On a tiered volume, files are tracked according to frequency of access. Popular files tend to migrate to faster storage, and unpopular ones to slower storage. The behavior can be influenced with tuning parameters.
To use tiering, take an existing volume and attach a hot tier to it. The existing volume becomes the cold tier . The existing volume may be either erasure coded or distributed-replicated. The hot tier must be distributed-replicated. For example:
gluster volume tier vol1 attach 2 gprfs01:/brick1 gprfs02:/brick2 gprfs03:/brick3 / gprfs04:/brick4
Once the tier is attached, there may be a delay before migration begins. A full scan of the cold tier is undergone. This delay shall be removed in the near term.

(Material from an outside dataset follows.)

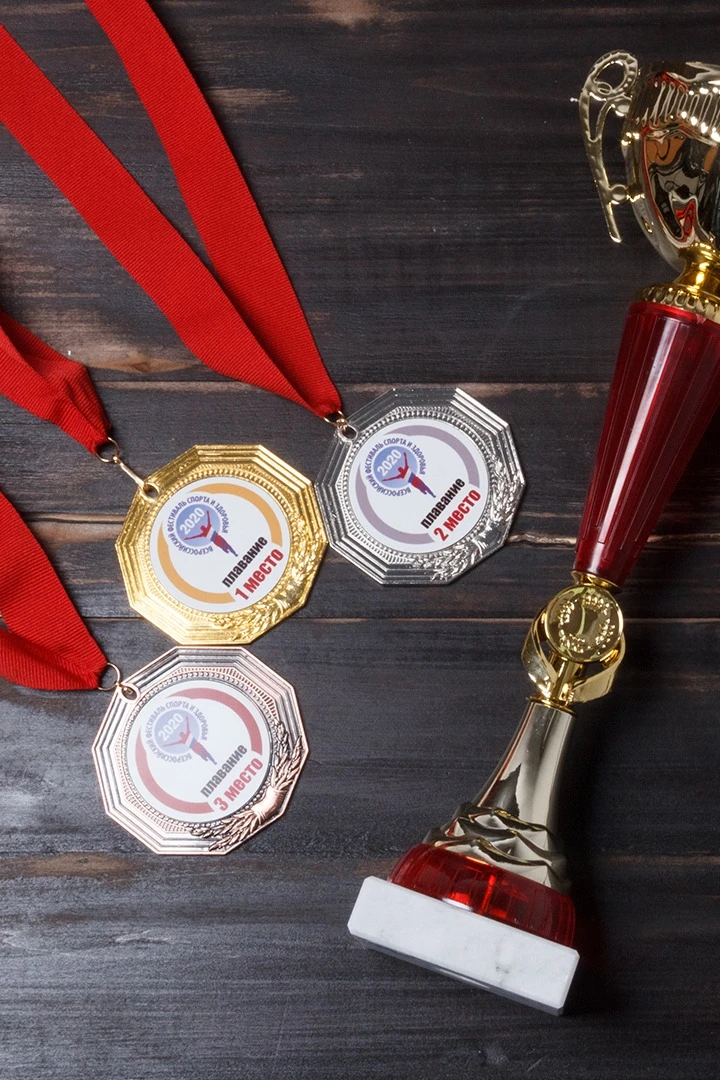 Медаль металлическая МК194 70мм с шильдом 50мм#1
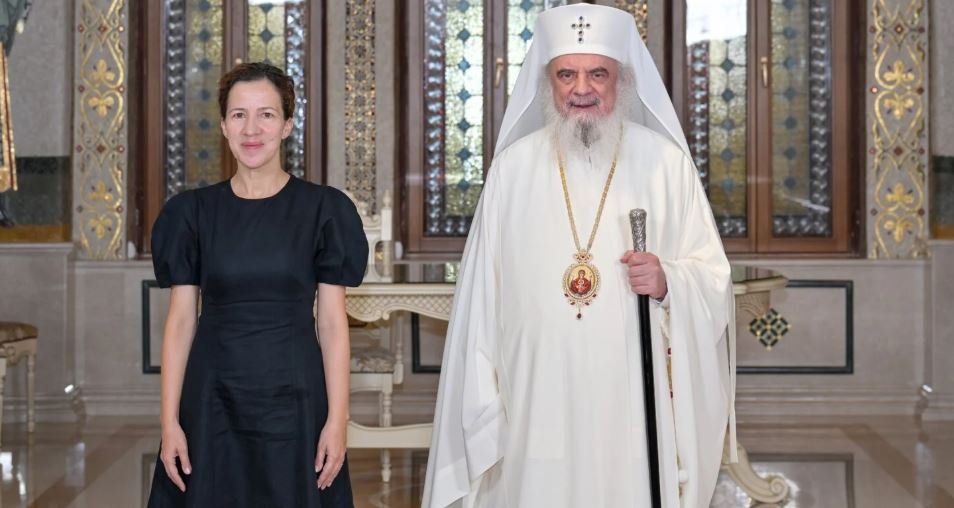 Patriarhul Daniel a primit vizita delegației Comisiei Europene condusă de doamna Roxana Mînzatu, vicepreședintă executivă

Promotion stands for file migration from the cold to hot tier. Demotion stands for migration in the opposite direction.
When a file is migrated a counter is bumped. The counters may be viewed:
gluster volume tier vol1 status
You can stop tiering to use the hot bricks for some other purpose. To stop tiering, use the detach operation. The steps resemble removing bricks. You initiate the process, then wait for it to complete by monitoring its status. This may take time depending on how much data must be moved off the hot tier. Once completed, the commit command may be used to remove the hot tier. The cold tier then reverts to the original volume.

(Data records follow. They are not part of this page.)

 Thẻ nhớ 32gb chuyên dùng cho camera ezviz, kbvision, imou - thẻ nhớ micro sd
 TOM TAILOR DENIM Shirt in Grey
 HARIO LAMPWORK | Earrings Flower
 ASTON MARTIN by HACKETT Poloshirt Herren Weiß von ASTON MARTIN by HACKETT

gluster volume tier vol1 detach start
gluster volume tier vol1 detach status
gluster volume tier vol1 detach commit
Hot storage is valuable and should be utilized, else the resource is wasted. To this end, the tiering feature aggressively promotes files to the hot tier until it nears full. That point is governed by the “cluster.watermark-low” tunable and is expressed as a percentage.

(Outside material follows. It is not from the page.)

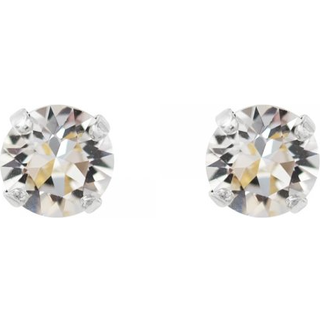 Classic Stud øreringe crystal rhodium
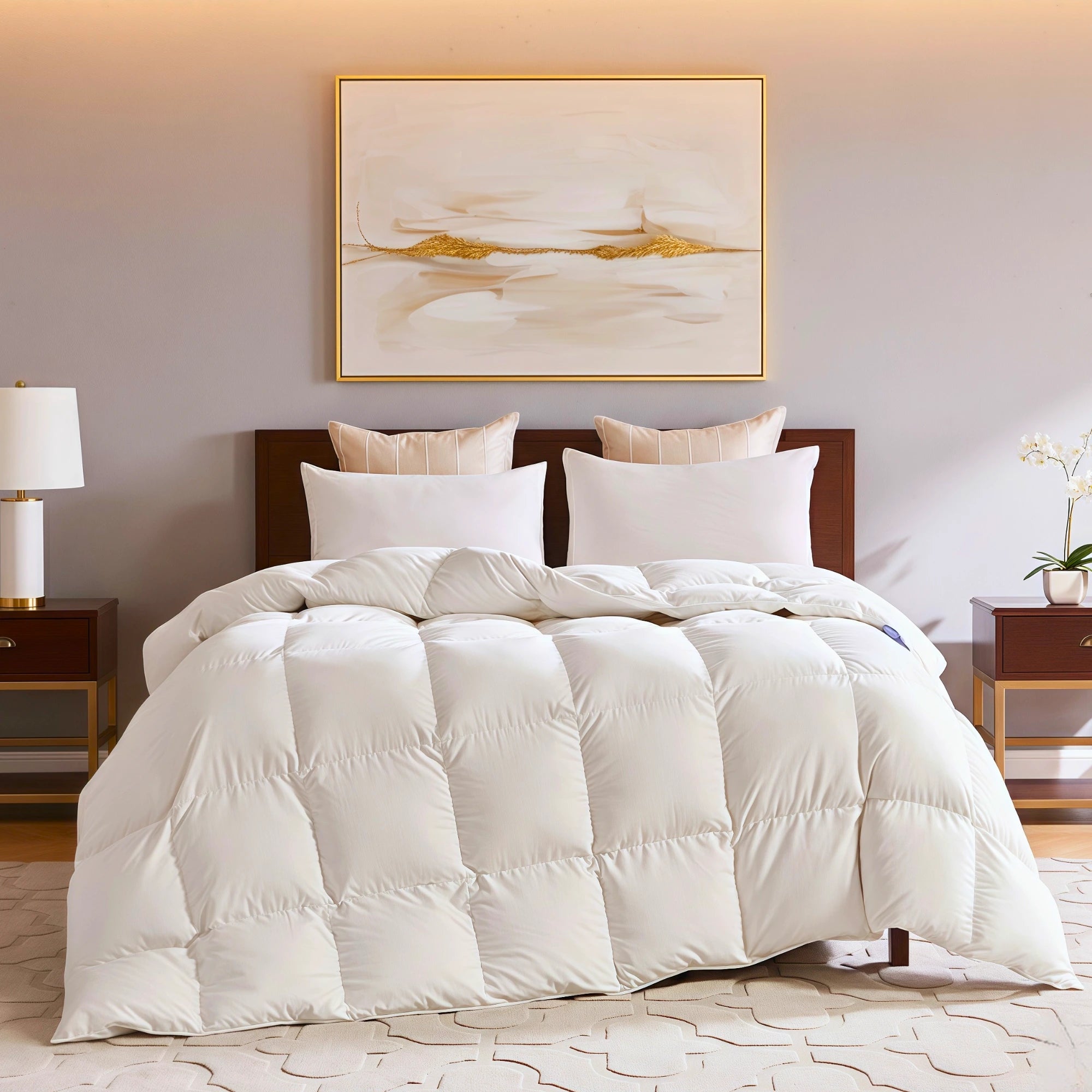 Organic Cotton Goose Down Comforter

Conversely, the hot tier cannot become completely full. If too much data resides on the hot tier, files are aggressively demoted. This value is governed by “cluster.watermark-hi”.
The system shall attempt to stabilize such that the amount of data on the hot tier is between the lower and upper watermarks.
gluster volume set vol cluster.watermark-hi 90
gluster volume set vol cluster.watermark-low 75
The tiering daemon migrates files periodically. The period for promoting files is “cluster.tier-promote-frequency”. Its default value was chosen such that files would be promoted quickly , in reaction to I/O. The period for demoting files is “cluster.tier-demote-frequency”. Its default value was chosen such that files are demoted slowly in the background. These values are expressed in seconds.
gluster volume set vol cluster.tier-promote-frequency 120
gluster volume set vol cluster.tier-demote-frequency 3600
It is possible to limit how much data may be migrated within a period. The limit may be expressed in # of files or in MB.
gluster volume set vol cluster.tier-max-mb 4000
gluster volume set vol cluster.tier-max-files 10000
By default, files are queued to be promoted if they are accessed on the cold tier within a period. This behavior can be changed such that files are promoted if they are accessed more than some threshold within a period. The threshold may be expressed in terms of reads or writes. This would avoid populating the hot tier with files that are only accessed once. The hot tier should store files which are repeatedly accessed.
gluster volume set vol cluster.write-freq-threshold 2
gluster volume set vol cluster.read-freq-threshold 2
As of 3/16, measurements have tested cases where ~95% of the I/Os are to files on the hot tier. Those experiments have shown good performance when the cold tier is distributed-replicated. When the cold tier is erasure coded, the features works well for larger file sizes (greater than 512K) for a typical SSD.
Performance should improve as the code matures, and your milage my vary. A subsequent post shall explore performance.